Task details →
The response should be an exact transcription of the data below, free of images.

Input data →
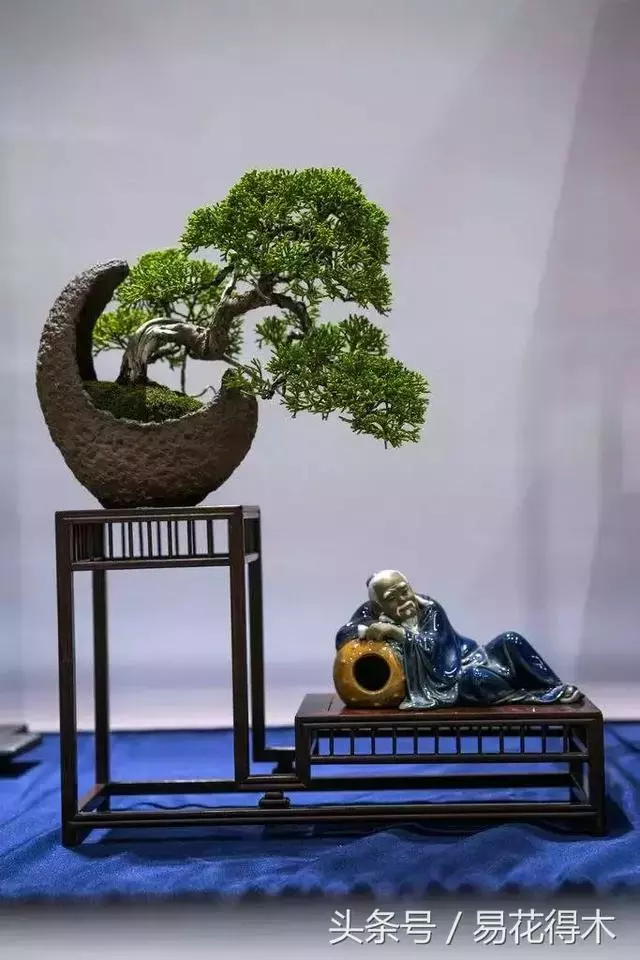 盆景花卉「飛花摘葉」、「脫衣換錦」技法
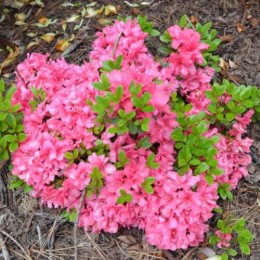 Рододендрон тупой Рококо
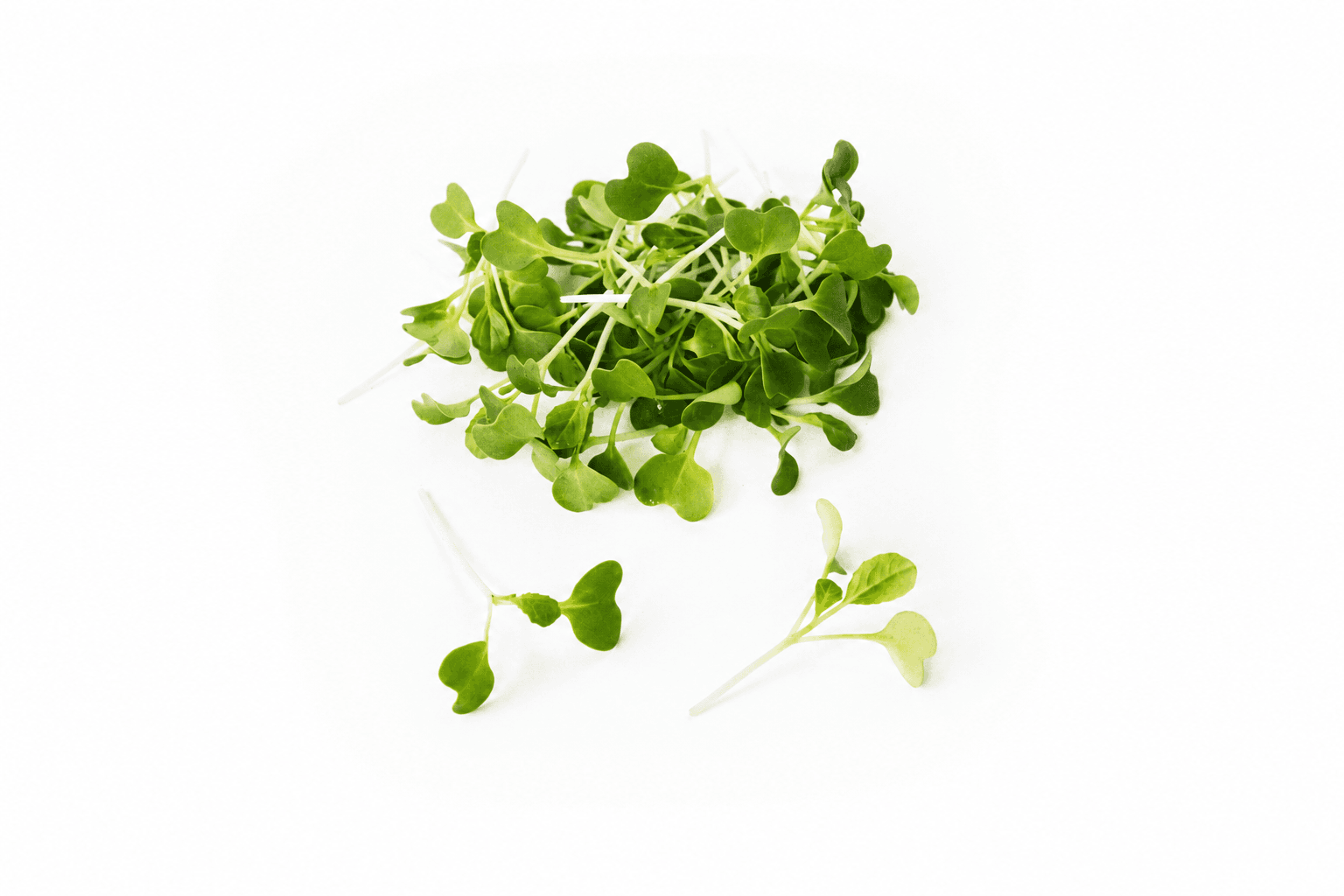Pak Choi weissstielig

Result →
 盆景花卉「飛花摘葉」、「脫衣換錦」技法
 Рододендрон тупой Рококо
Pak Choi weissstielig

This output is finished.